As our business continued to grow, user scale and data volumes expanded exponentially. The original monolithic synchronous write approach began to expose significant performance bottlenecks. This post shares how we evolved from a single MongoDB architecture to a Kafka + ClickHouse analytics platform in production, and the lessons we learned along the way.

1. Business Background and Context

Our system is responsible for recording and analyzing user behavior and business data. As data volumes increased, simultaneous writes and analytical queries placed growing pressure on the same MongoDB cluster, resulting in issues such as:

Longer API response times that degraded user experience.
Analytical queries blocking online writes, causing occasional request timeouts.
Increasing complexity when scaling storage to keep up with growth.

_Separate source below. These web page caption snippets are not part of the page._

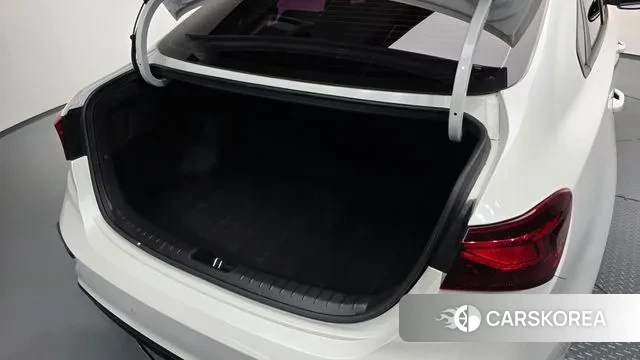 Kia Come New K3 id 3772684 из Кореи 10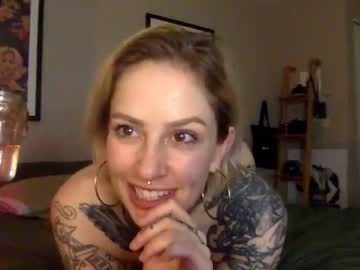 couple cam all day mickinmolly image #982979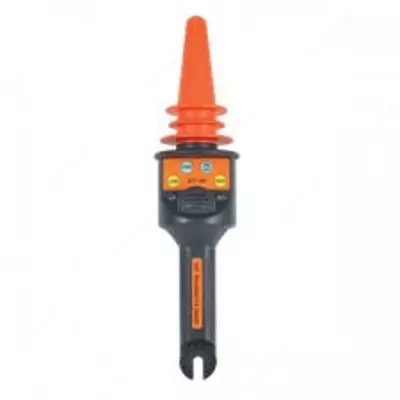 от 4 121 208 сум / шт. 277 HP — бесконтактный индикатор переменного напряжения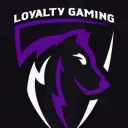 Loyalty Gaming's icon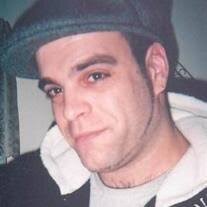 Jason Flak's Instagram, Twitter & Facebook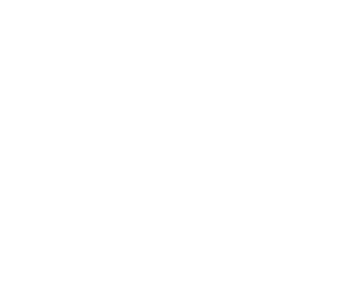 Jobs bei Glock GmbH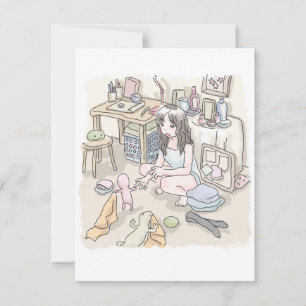 さ む steken じ steken に steken , steken , steken 作 , kaart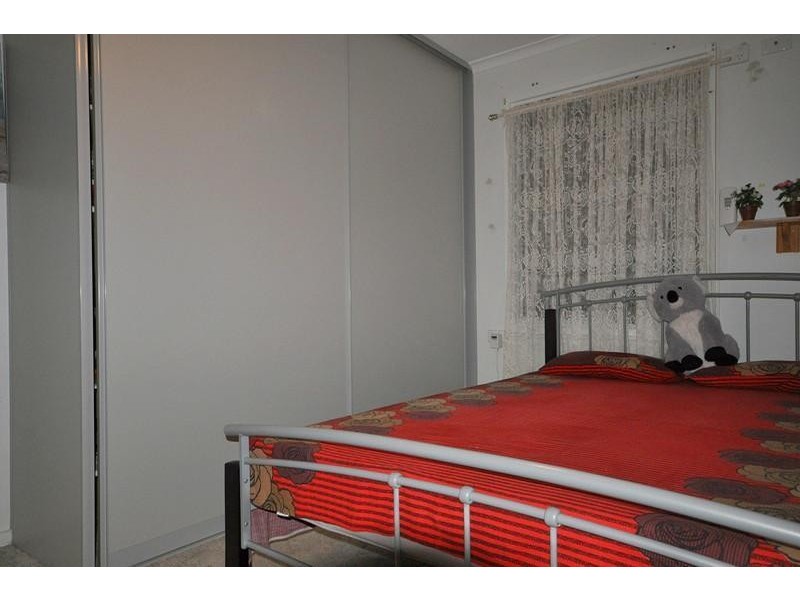 35 Bryant Street, Port Augusta West SA 5700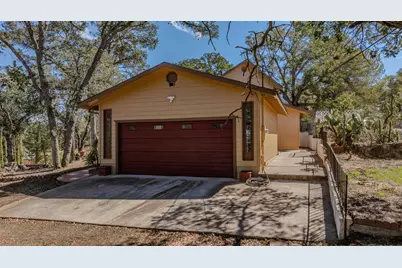 8010 Hedgepeth Road, Valley Springs, CA 95252 - Photo 43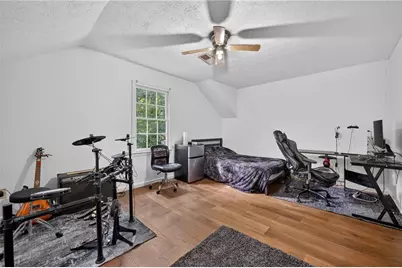 483 Mill Lane, Dallas, GA 30157 - Photo 35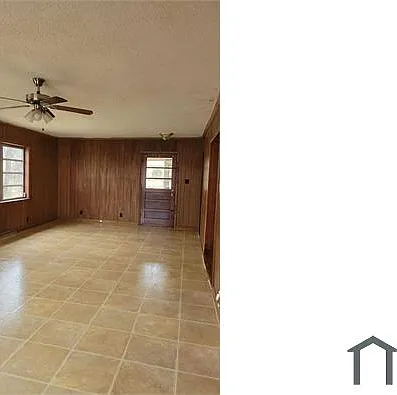 3 bed, 1852 sqft, $1,200 — Photo 3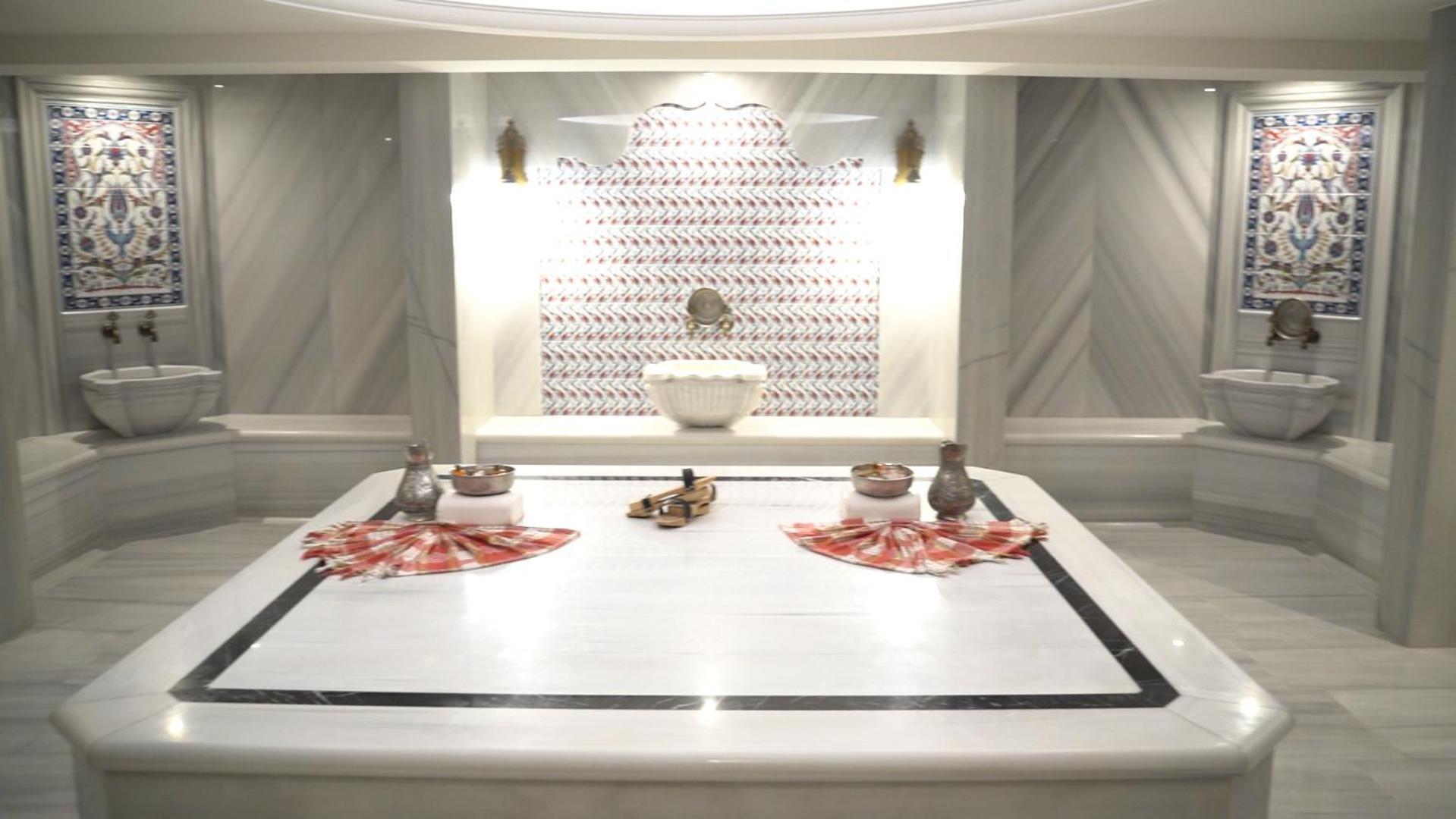Premium Beach Hotel Голем Экстерьер фото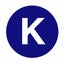 Kくんママのサムネイル
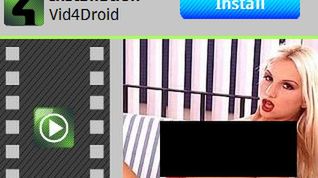 Zagrożenie dla polskich użytkowników Androida 1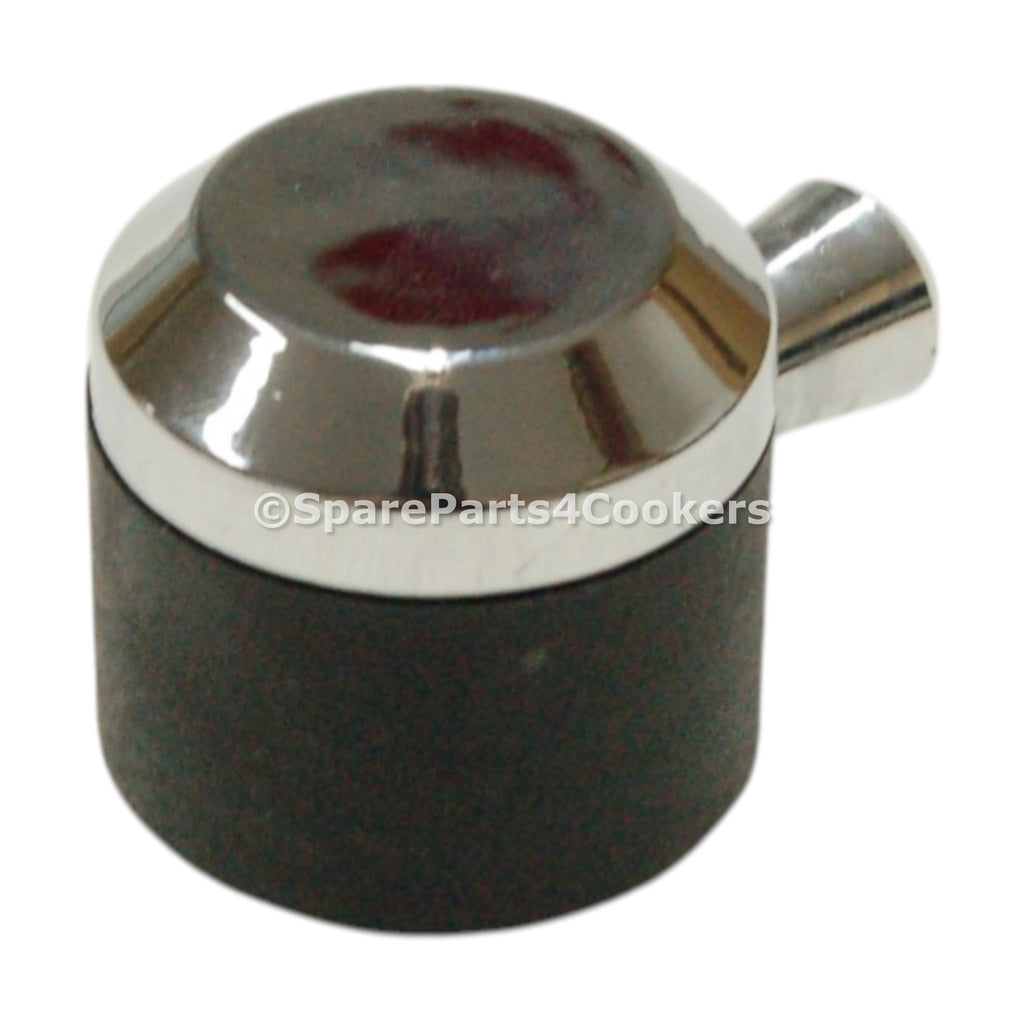 41467709a51d36eaf1bc43a03f6c1c41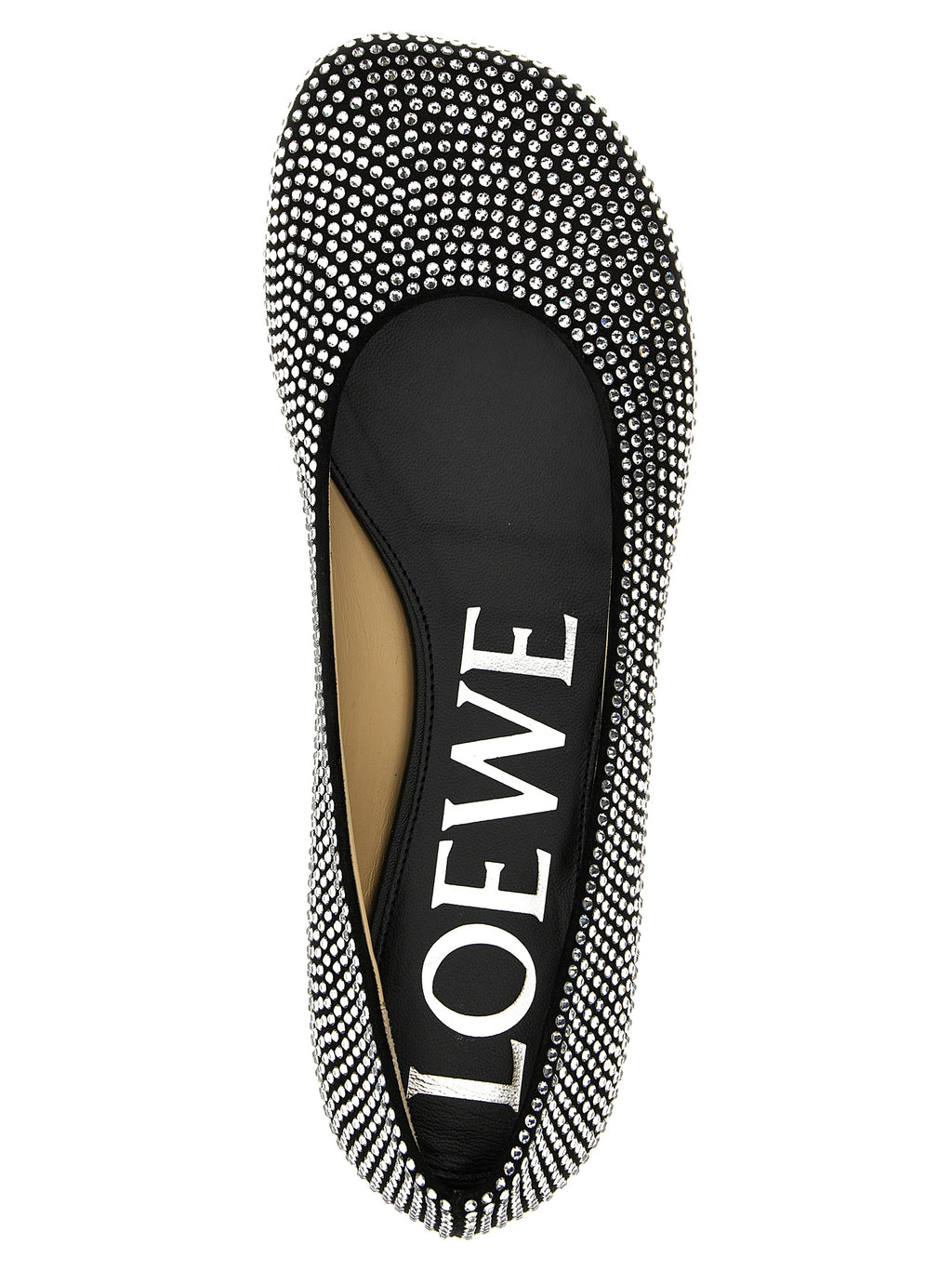 Loewe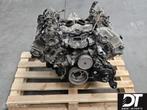 Motor S63B44A BMW X5M E70 X6M E71 11002296764, Gebruikt, Ophalen of Verzenden, BMW, BMW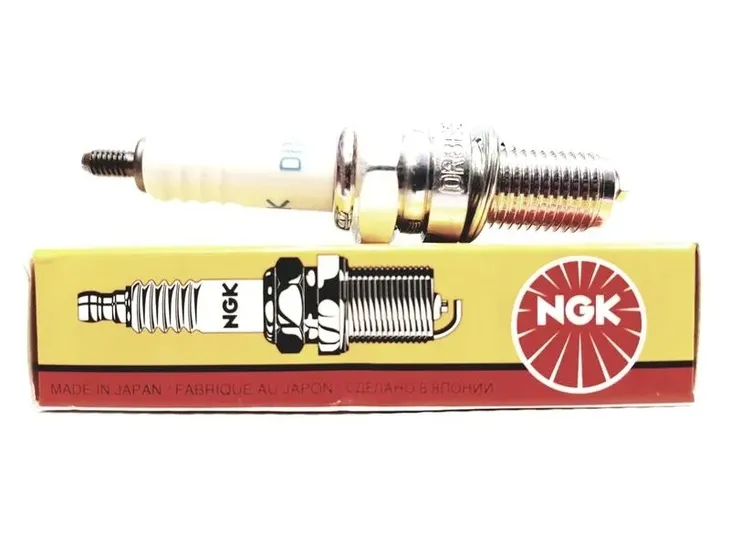 swieca-zaplonowa-5423-numer-katalogowy-czesci-5423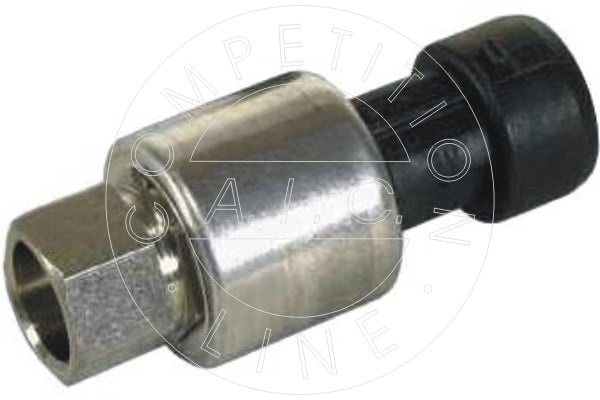 AIC Germany 53687 AC pressure switch 53687: Buy near me in Poland at 2407.PL - Good price!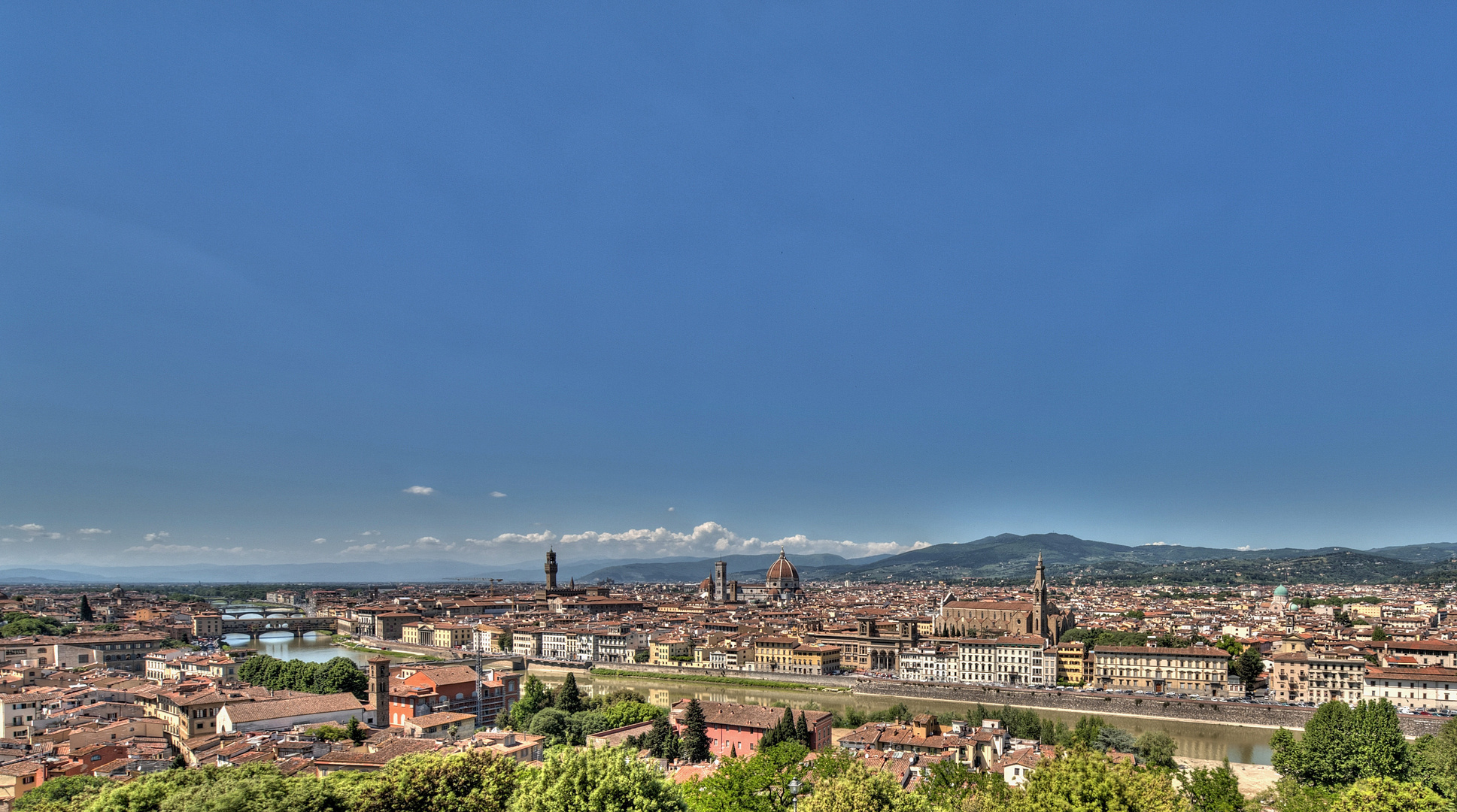 Florenz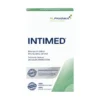 Intimed Detergente Intimo 200ml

To address these challenges, we needed an architecture that could support high-concurrency writes while also powering complex analytics workloads.

2. Overview of the Original Architecture

In the early stage, our approach was quite simple:

All data was synchronously written to MongoDB.
The admin dashboard queried MongoDB directly using aggregation pipelines.
Both write and query workloads shared the same database.

This solution was efficient and cost-effective at first, enabling rapid development. However, as daily active users and data volumes grew, the architecture reached its limits.

3. Manifestations of Performance Bottlenecks

The main bottlenecks were:

Increased Write Latency
- Under high-concurrency writes, pressure on MongoDB nodes grew significantly.
- Index updates coupled with writes led to steadily rising response times.
Declining Query Throughput
- Aggregation queries consumed large amounts of CPU and I/O, blocking writes.
- Query performance fluctuated unpredictably during peak traffic.
Limited Scalability
- As data volumes increased, sharding and scaling MongoDB became more complex.
- Operational costs kept rising.

4. Goals of the Refactoring

Given these challenges, we set out clear goals:

Reduce API latency by decoupling writes and analytics.
Improve analytical capabilities by adopting a storage engine optimized for large-scale aggregation.
Ensure data consistency across multiple storage systems.

5. New Architecture Overview

To address the issues above, we designed a new architecture:

Kafka Integration
- Backend APIs switched from synchronous writes to asynchronous writes to Kafka.
- This decouples production and consumption and helps smooth traffic spikes.
Dual Writes to MongoDB and ClickHouse
- Kafka consumers ingest data from the queue.
- Data is persisted in both MongoDB (business storage) and ClickHouse (analytics storage).
Dedicated Analytics API
- We built a standalone analytics API service using NestJS.
- This service exclusively powers high-performance queries for the dashboard.

With this design, writes and queries are fully decoupled, significantly improving scalability and stability.

6. Principles Behind Technology Selection

Throughout the architecture design process, we followed several core principles:

Decoupling: Kafka ensures production and consumption are fully separated.
Scalability: Both Kafka and ClickHouse are horizontally scalable.
Low Latency: Asynchronous writes dramatically reduce API response time.
Consistency: Idempotent consumers and scheduled verification processes help ensure data integrity.

7. Conclusion

Evolving from a monolithic MongoDB architecture to a distributed Kafka + ClickHouse platform was a key milestone in addressing data growth and performance bottlenecks. By decoupling writes and queries, we not only improved system performance but also laid a solid foundation for future scalability and maintainability.